Linux memory management at scale
2020-10-11 , Arch Conf

Memory management is an extraordinarily complex and widely misunderstood topic. It is also one of the most fundamental concepts to understand in order to produce coherent, stable, and efficient systems and containers, especially at scale. In this talk, we will go over how to compose reliable memory heavy, multi container systems that can withstand production incidents, and go over examples of how Facebook is achieving this in production at the cutting edge. We'll also go over the open-source technologies we're building to make this work at scale in a density that has never been achieved before.

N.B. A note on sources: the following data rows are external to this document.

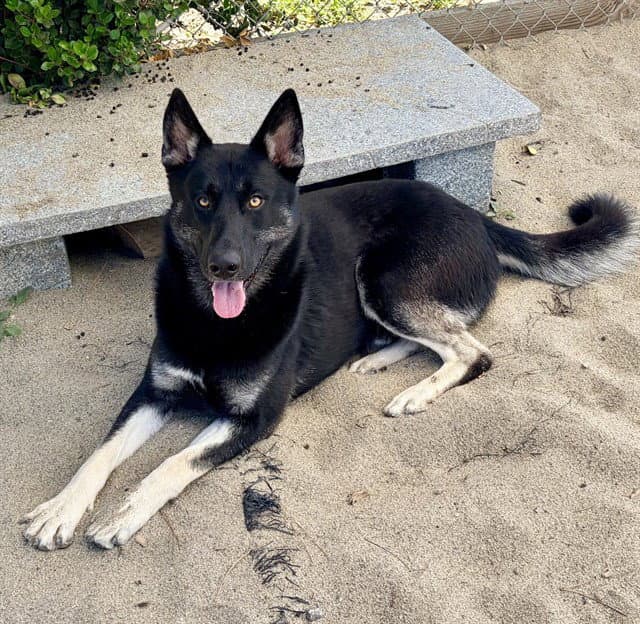 Beck - German Shepherd Dog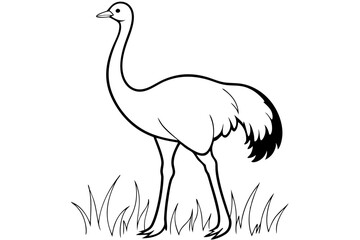 A detailed vector artwork of a common ostrich standing in the grasslands of the Savanna, showcasing the bird's natural habitat and majestic presence. Ideal for wildlife and nature-themed designs.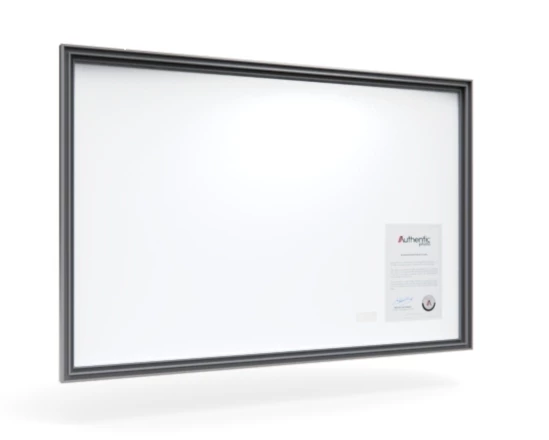 360 view of the product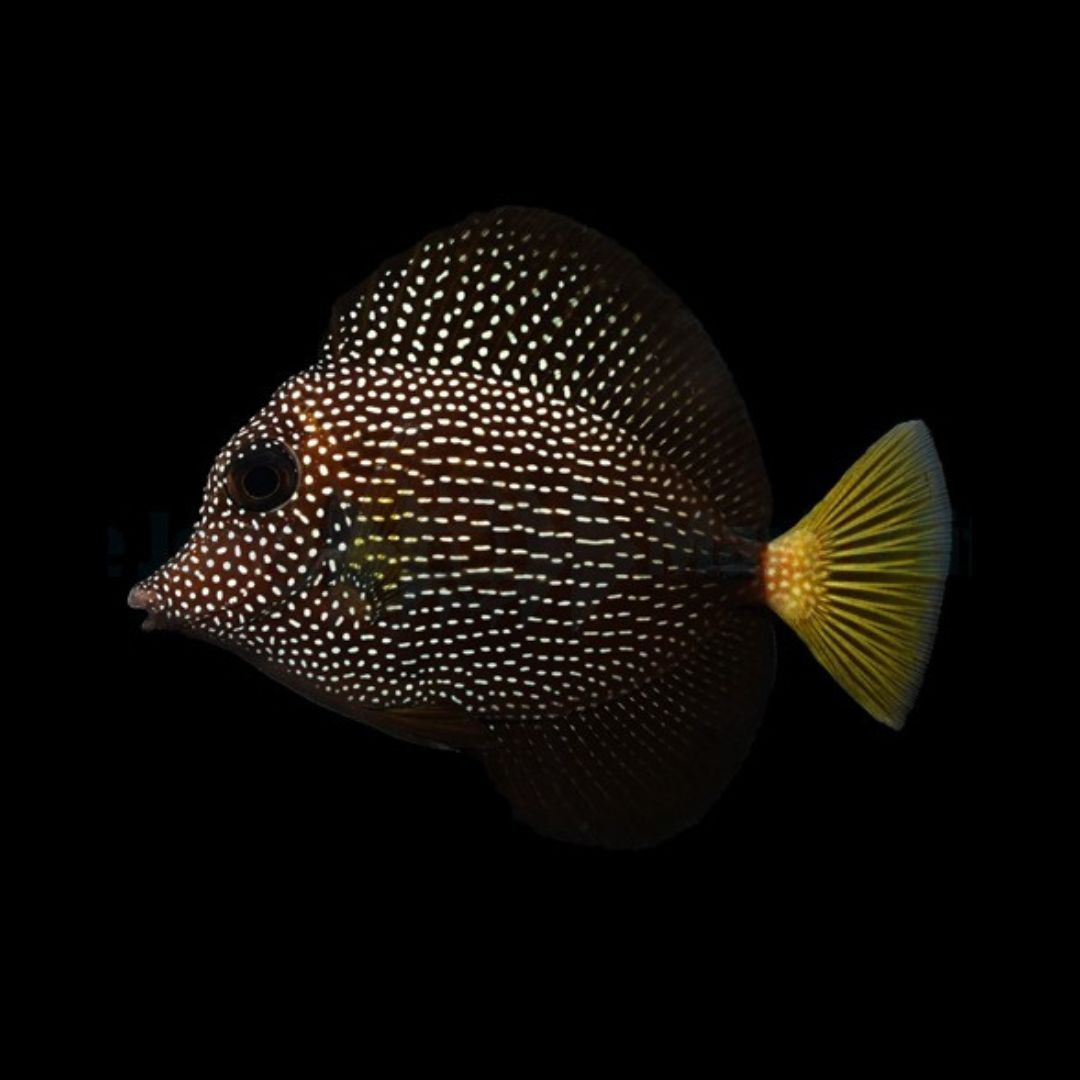 Gem Tang - Zebrasoma gemmatum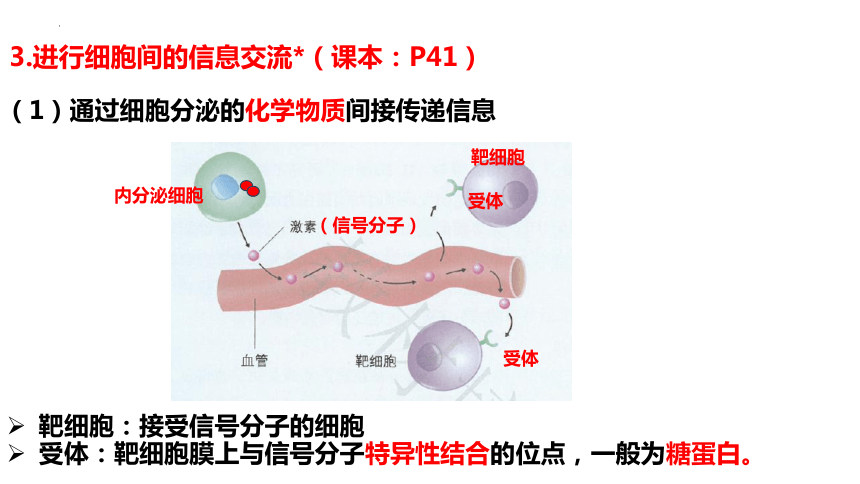 3.1细胞膜的结构和功能课件（共37张PPT） 高一上学期生物人教版必修1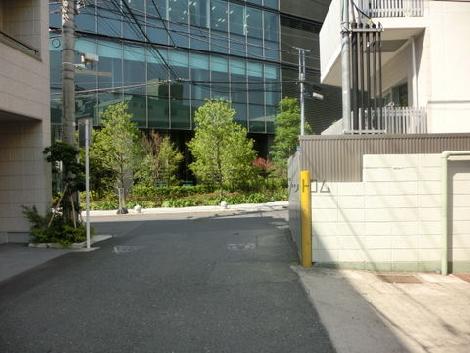 奥に見えるのは渋谷ファーストタワーです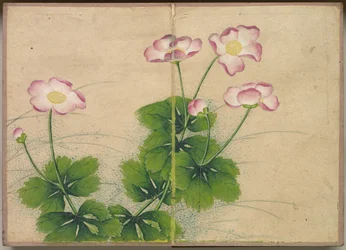 デスクアルバム：花と鳥の絵画アオイ科の植物の花、18世紀。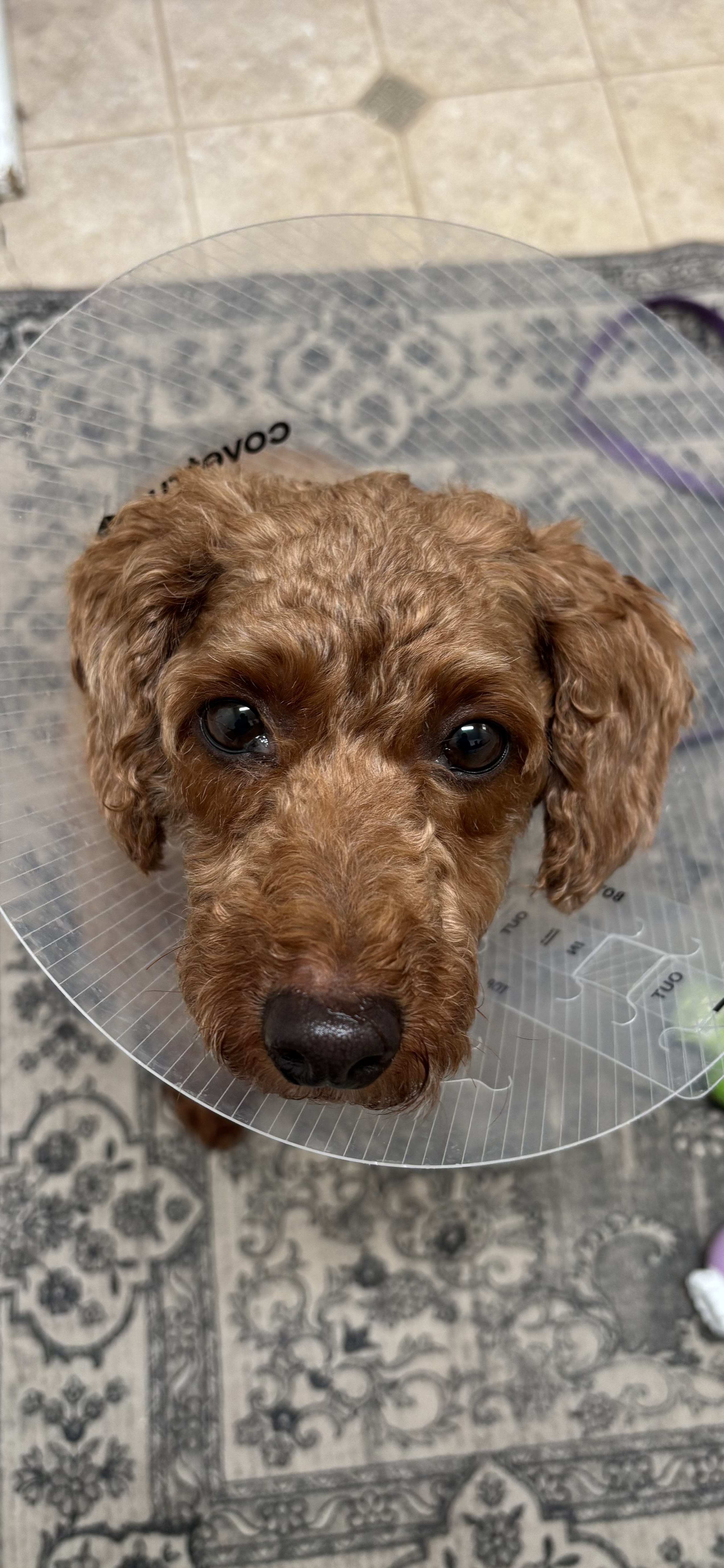 miniature poodle dog, identified by the K9Stud breed AI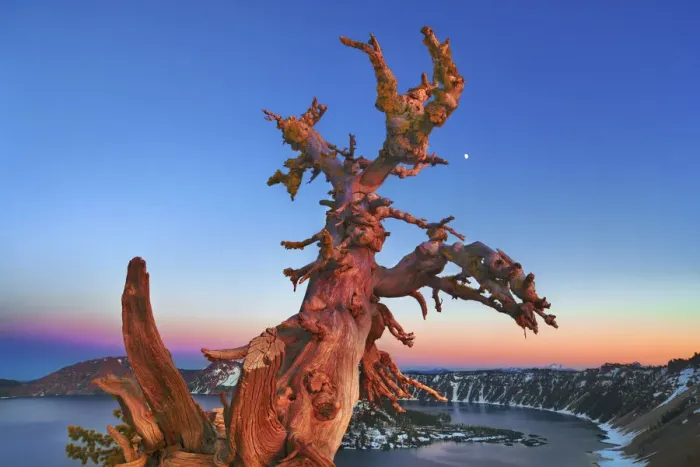 Framed Print : Dead tree at Crater Lake with moon - USA, Oregon, Klamath, Crater Lake Framed Print : Dead tree at Crater Lake with moon - USA, Oregon, Klamath, Crater Lake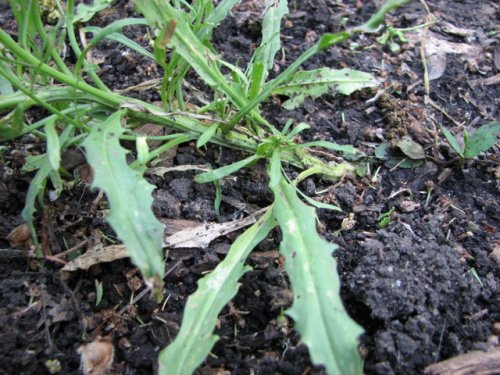 Bushy Wallflower (Erysimum repandum)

We'll also discuss widely-misunderstood Linux memory management concepts which are important to site reliability and container management with an engineer who works on the Linux kernel's memory subsystem, busting commonly held misconceptions about things like swap and memory constraints, and giving advice on key and bleeding-edge kernel concepts like PSI, cgroup v2, memory protection, and other important container-related topics along the way.

See also: Slides (3.2 MB)

Chris Down is an engineer on Facebook's Kernel team, based in London. He works on memory management within the kernel, especially cgroups, and is also a maintainer of the systemd project. Inside Facebook, he is responsible for debugging and resolving major production issues and improving the reliability and efficiency of Facebook's systems at scale.